On Monday British pound traded close to four-month lows versus the US dollar, following the stronger than expected employment data from the United States on July 5th.
GBP/USD pair fell to a session low at 1.4858 during early European trade, after which consolidation followed at 1.4877. The cross was down by 0.17% for the day. Support was likely to be received at July 5th low and a four-month low, 1.4856, while resistance was to be encountered at 1.4950.
On July 4th Bank of England’s Monetary Policy Committee put its base interest rate on hold at a record low 0.50% and the targeted level of asset purchases at 375 billion GBP. Also, it became clear that monetary policy was not to be tightened as soon as most investors had expected, because economic indicators were still not convincing enough.

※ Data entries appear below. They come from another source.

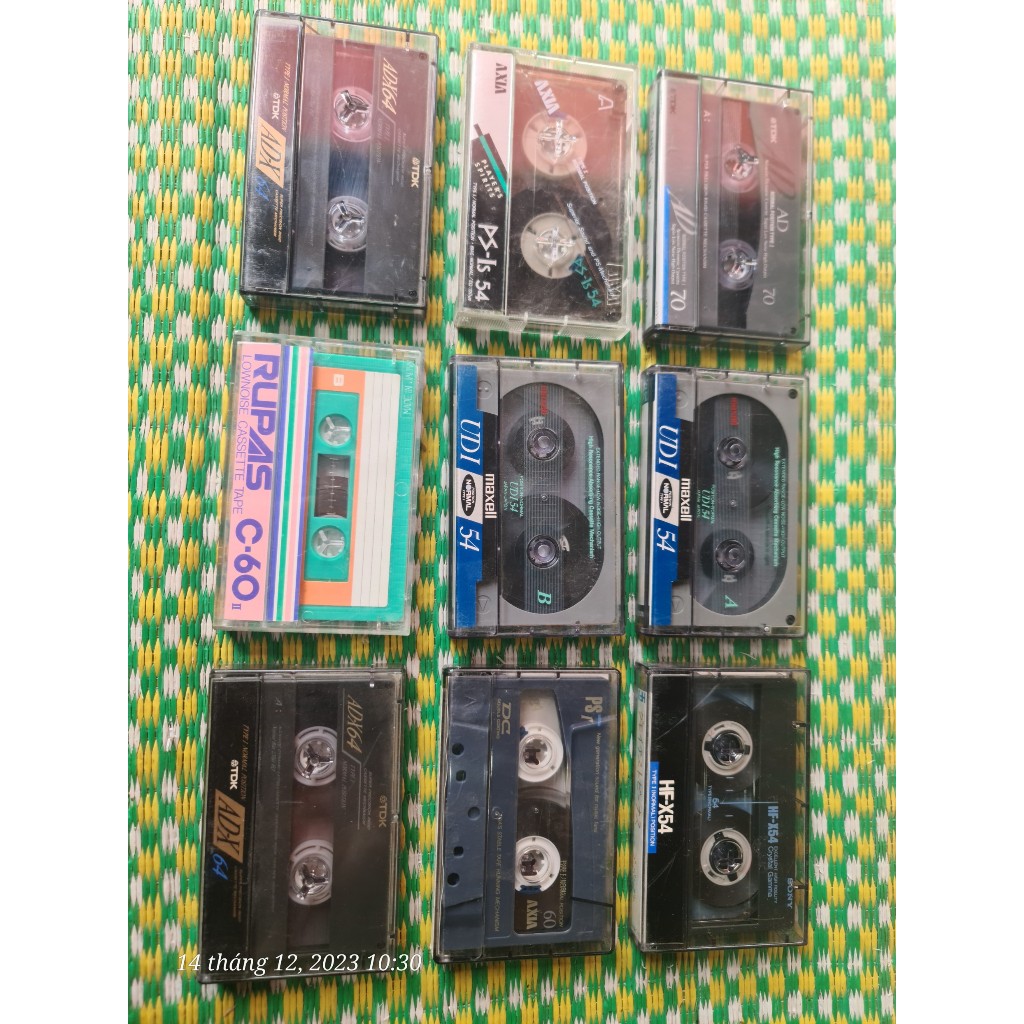 Băng Cassette Thu âm theo yêu cầu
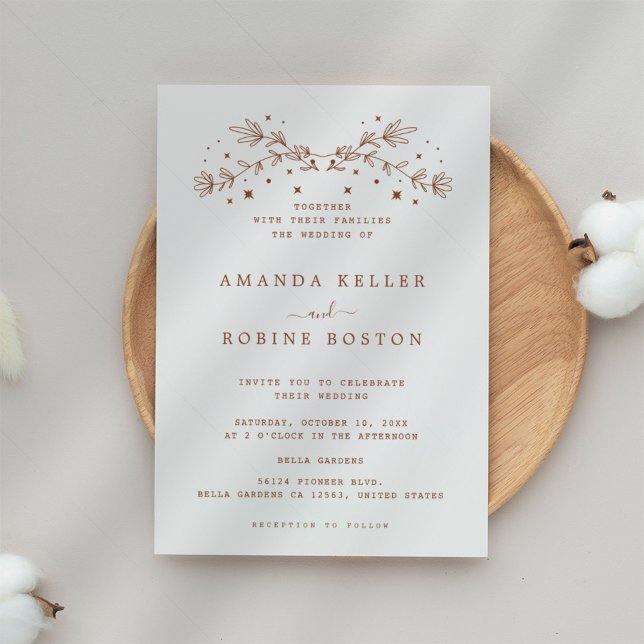Minimalist Terracotta Wedding Invitation (Creator Uploaded)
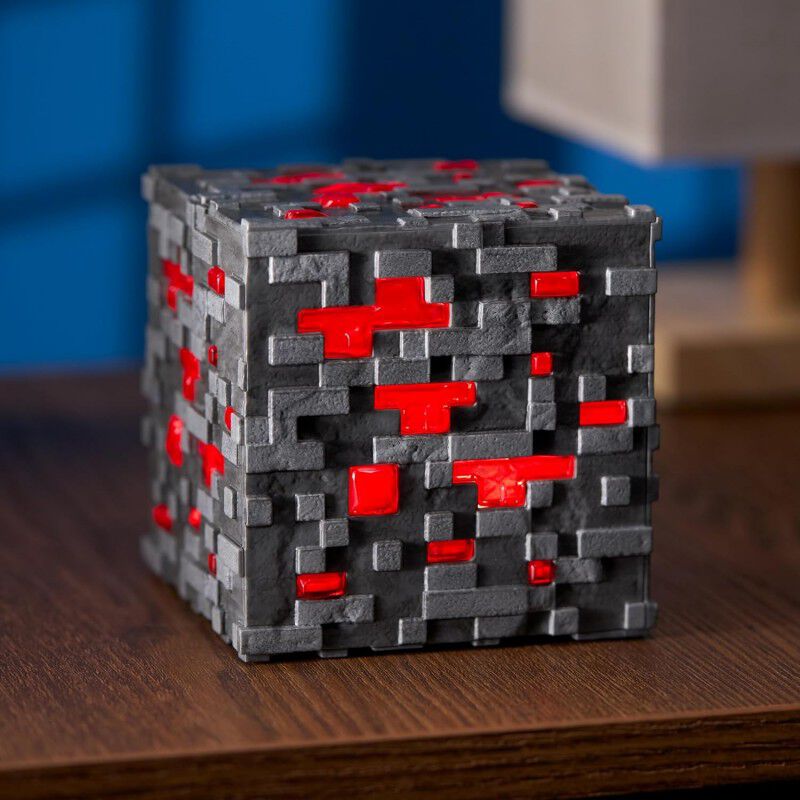 R&eacute;plica del mineral de Redstone con luz - Minec... image number null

In the mean time, demand for the greenback was bolstered after the Bureau of Labor Statistics in the United States reported on July 5th, that US economy managed to add 195 000 new job positions in June, significantly above the expected number of 165 000, while in May another 195 000 jobs were added. US Unemployment rate remained without changes at 7.6% in the month of June.
Pound was lower against the euro as well, with EUR/GBP cross advancing 0.19% to 0.8628 at 8:48 GMT. Later in the trading day Germany was expected to release information, regarding industrial production. Initial estimates pointed drops both on a monthly and annual basis in May.